─── Dataset extract
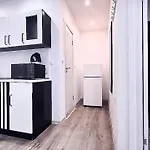 Private With Parking And Pool Apartment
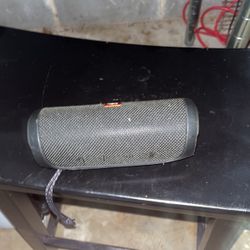 This is a speaker of JBJ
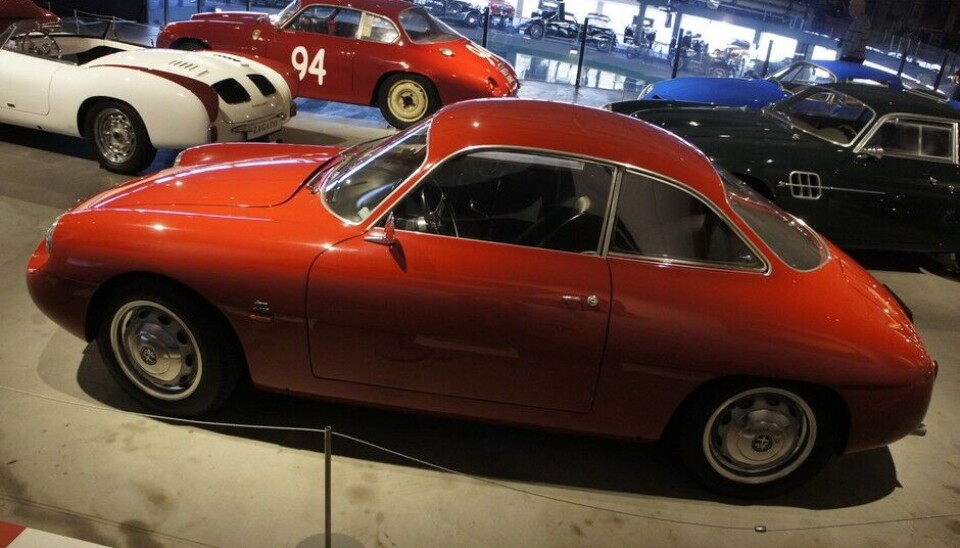 PantheonDette er et skikkelig benchmark igjen. En Alfa Romeo Giulietta Sprint fra 1960, med Zagatos Coupé-karosseri. Sterk konkurrent til Bertones Sprint Speciale-modeller. (Foto: Jon Winding-Sørensen) PantheonDette er et skikkelig benchmark igjen. En Alfa Romeo Giulietta Sprint fra 1960, med Zagatos Coupé-karosseri. Sterk konkurrent til Bertones Sprint Speciale-modeller. (Foto: Jon Winding-Sørensen)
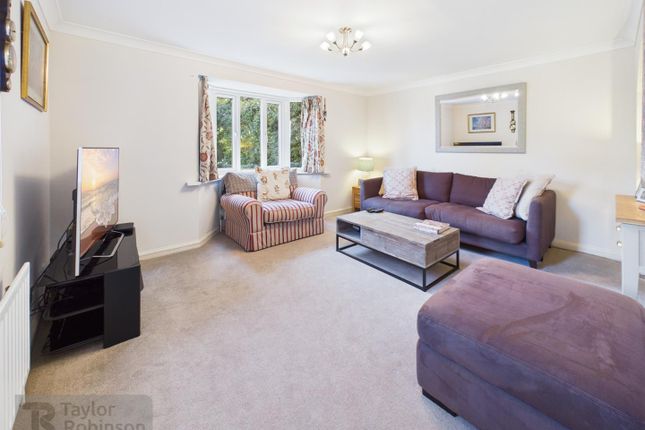 10, Garrett Close, Crawley photo 2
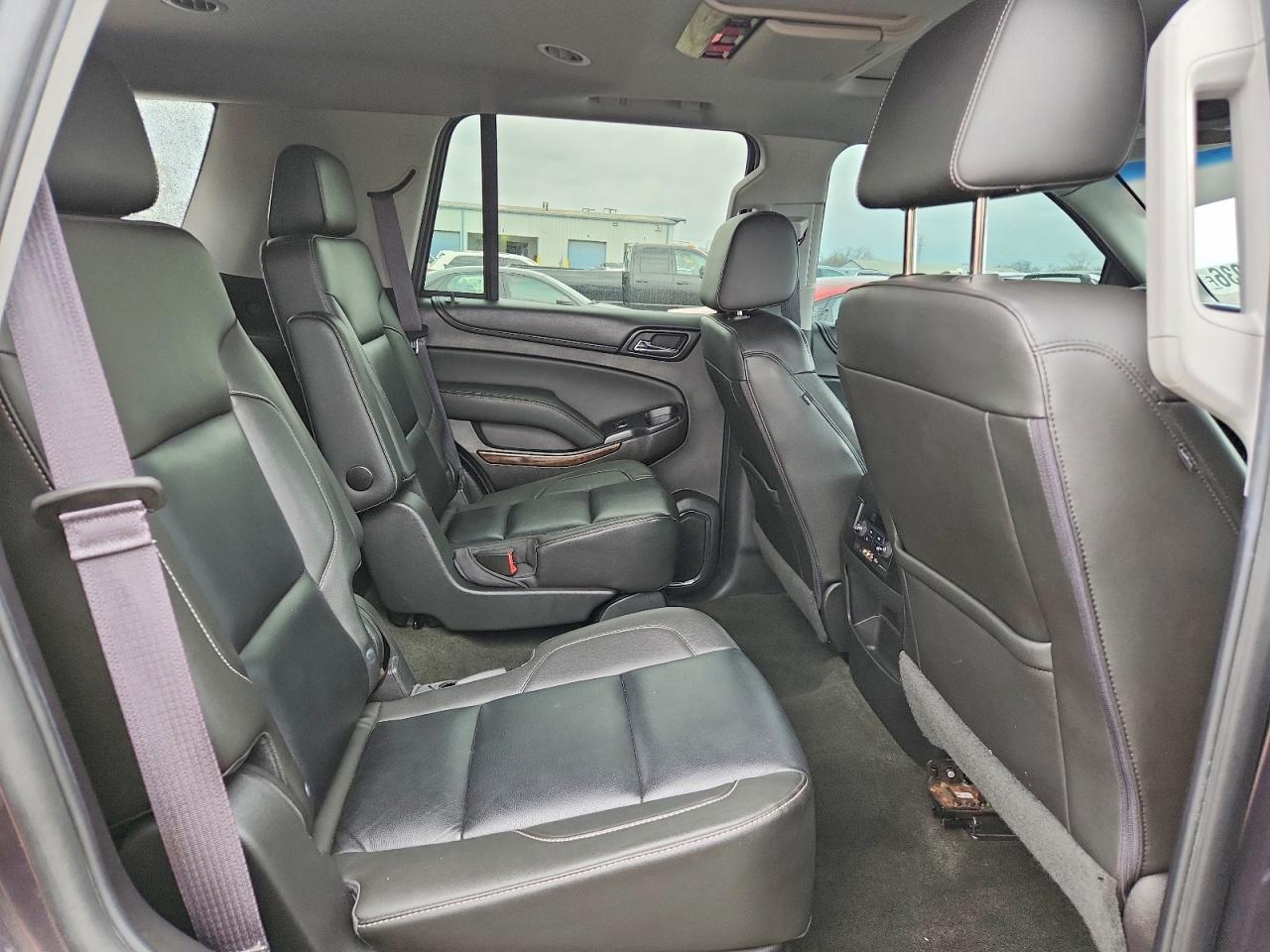 2016 CHEVROLET TAHOE K1500 LT photo 11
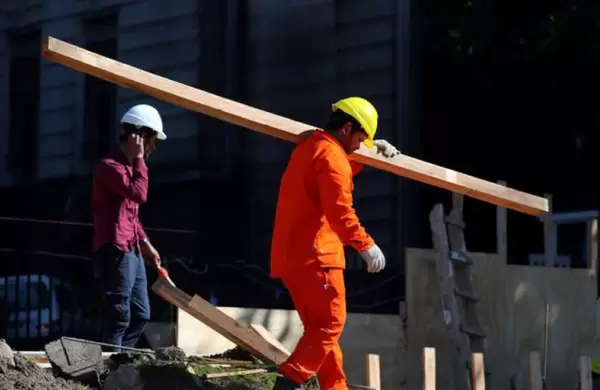 La industria y la construccin marcaron fuertes cadas en julio: anticipan una profundizacin de la recesin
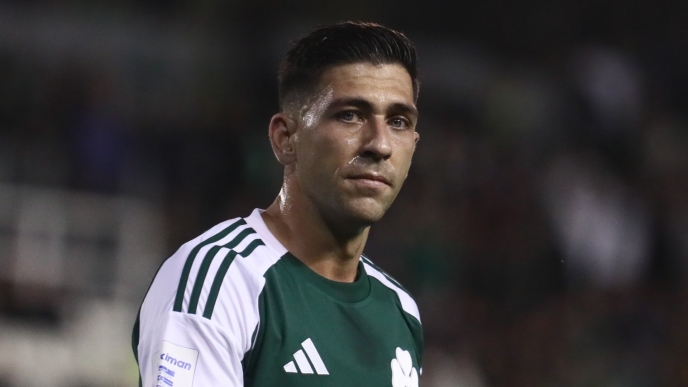 Η υπέροχη κίνηση του Μπακασέτα μετά το τέλος του αγώνα με τον ΠΑΟΚ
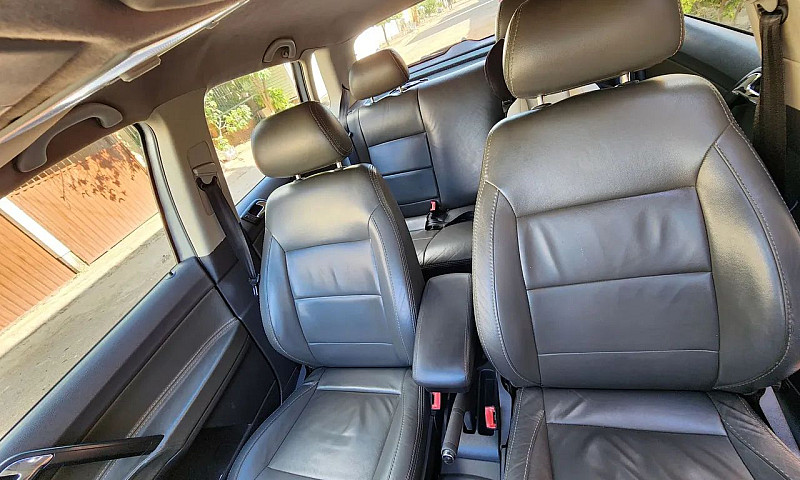 Volkswagen Polo 1.6 ...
──────
### Work to complete
Give the records again exactly, without pictures.

### Task result
 Private With Parking And Pool Apartment
 This is a speaker of JBJ
 PantheonDette er et skikkelig benchmark igjen. En Alfa Romeo Giulietta Sprint fra 1960, med Zagatos Coupé-karosseri. Sterk konkurrent til Bertones Sprint Speciale-modeller. (Foto: Jon Winding-Sørensen) PantheonDette er et skikkelig benchmark igjen. En Alfa Romeo Giulietta Sprint fra 1960, med Zagatos Coupé-karosseri. Sterk konkurrent til Bertones Sprint Speciale-modeller. (Foto: Jon Winding-Sørensen)
 10, Garrett Close, Crawley photo 2
 2016 CHEVROLET TAHOE K1500 LT photo 11
 La industria y la construccin marcaron fuertes cadas en julio: anticipan una profundizacin de la recesin
 Η υπέροχη κίνηση του Μπακασέτα μετά το τέλος του αγώνα με τον ΠΑΟΚ
 Volkswagen Polo 1.6 ...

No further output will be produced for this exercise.